**Task statement**
What you return must match the records word for word, except that pictures are dropped.

**Records for the exercise**
-- -- --

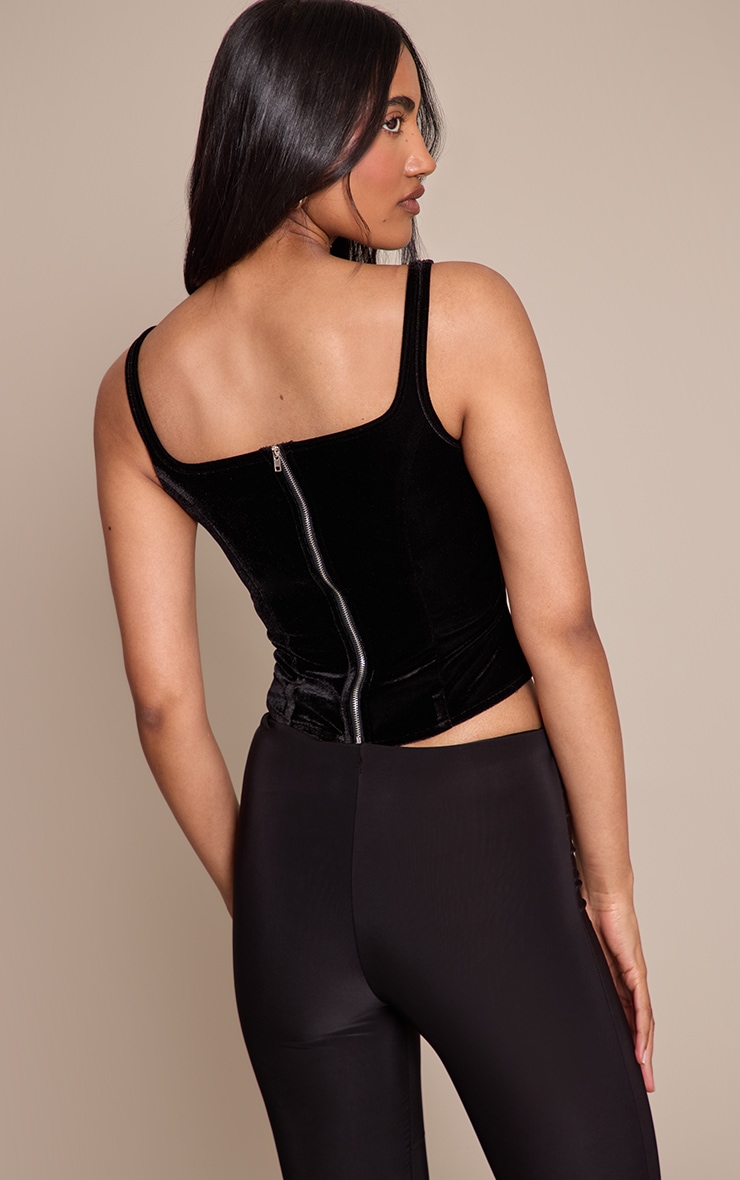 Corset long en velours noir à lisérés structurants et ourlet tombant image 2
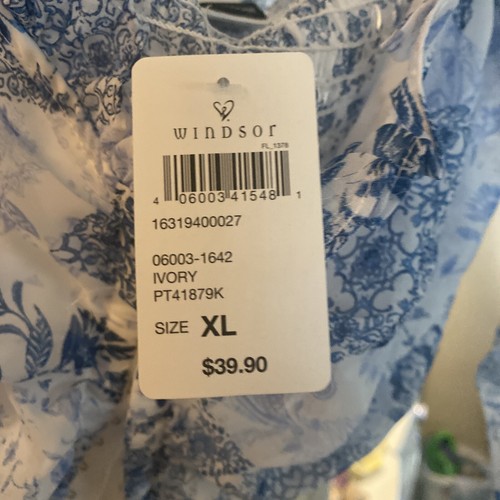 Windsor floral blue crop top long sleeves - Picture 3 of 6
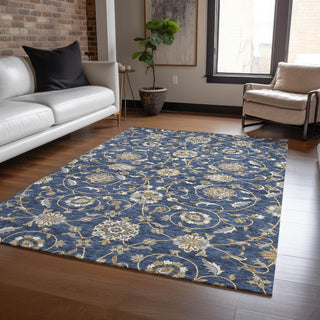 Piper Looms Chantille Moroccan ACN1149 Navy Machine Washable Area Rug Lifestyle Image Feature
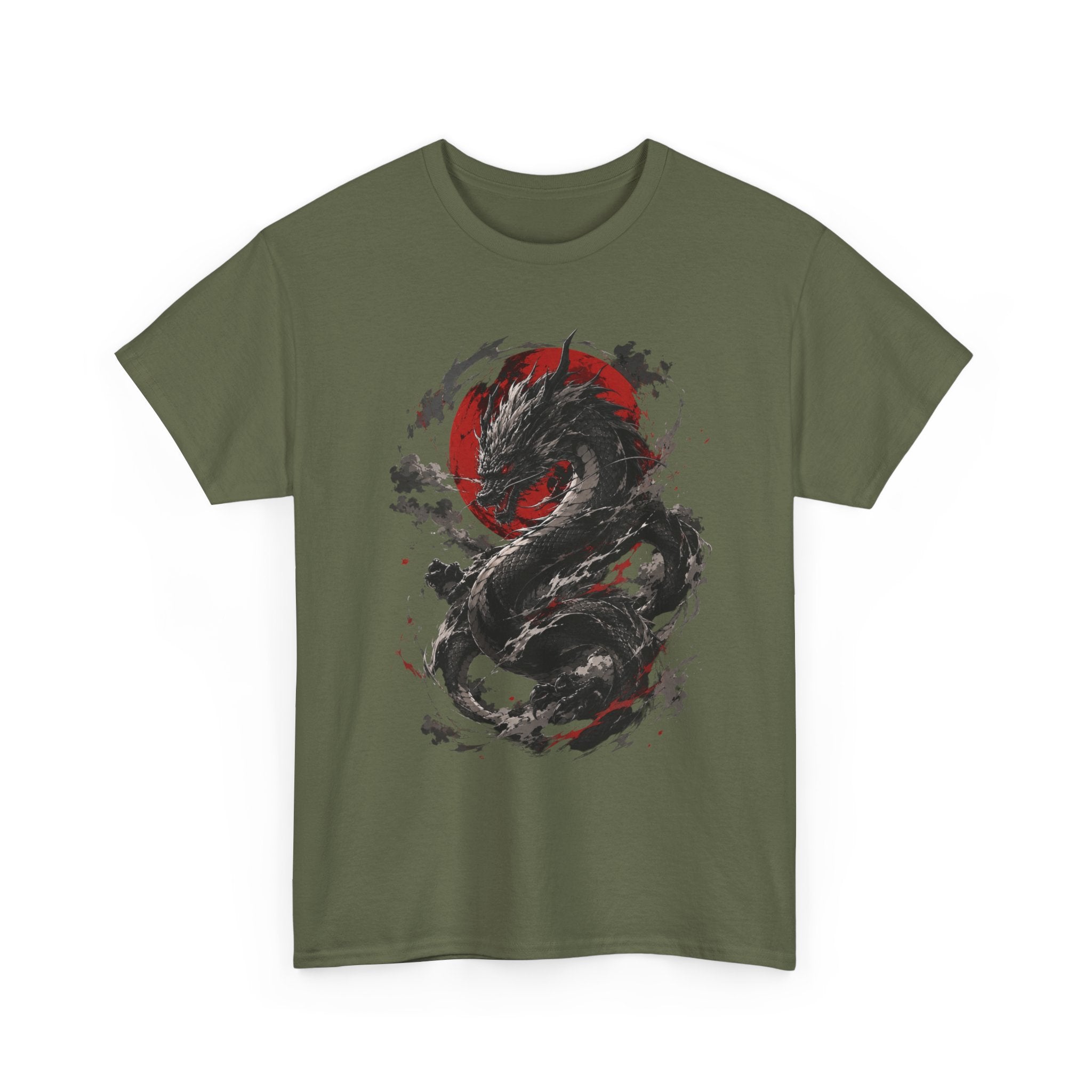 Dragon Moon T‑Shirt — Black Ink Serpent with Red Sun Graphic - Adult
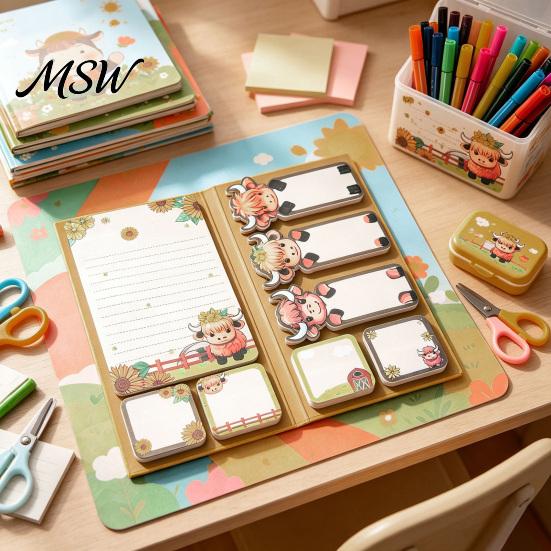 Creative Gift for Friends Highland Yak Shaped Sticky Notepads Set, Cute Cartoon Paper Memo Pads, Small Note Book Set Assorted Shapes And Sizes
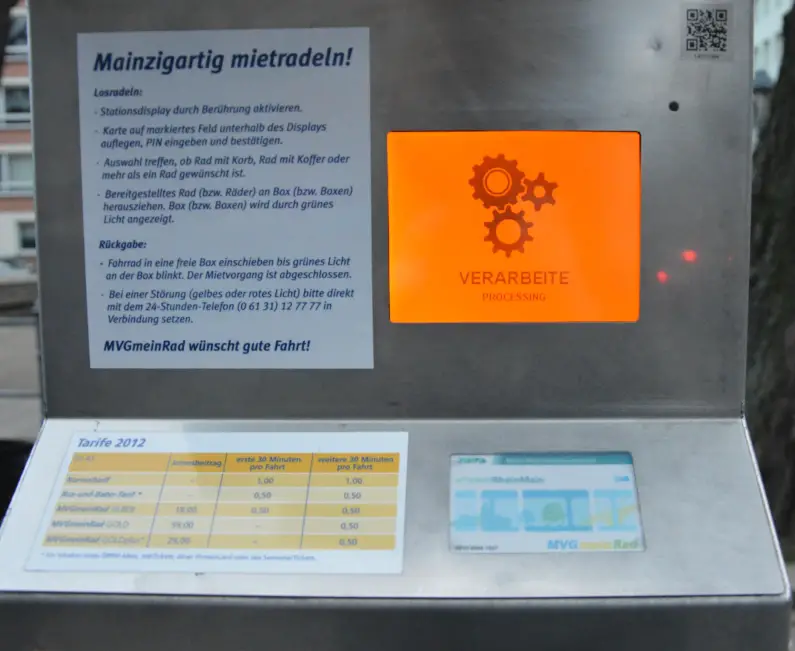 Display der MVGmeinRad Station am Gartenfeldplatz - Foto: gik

-- -- --

**The completed task**
 Corset long en velours noir à lisérés structurants et ourlet tombant image 2
 Windsor floral blue crop top long sleeves - Picture 3 of 6
 Piper Looms Chantille Moroccan ACN1149 Navy Machine Washable Area Rug Lifestyle Image Feature
 Dragon Moon T‑Shirt — Black Ink Serpent with Red Sun Graphic - Adult
 Creative Gift for Friends Highland Yak Shaped Sticky Notepads Set, Cute Cartoon Paper Memo Pads, Small Note Book Set Assorted Shapes And Sizes
 Display der MVGmeinRad Station am Gartenfeldplatz - Foto: gik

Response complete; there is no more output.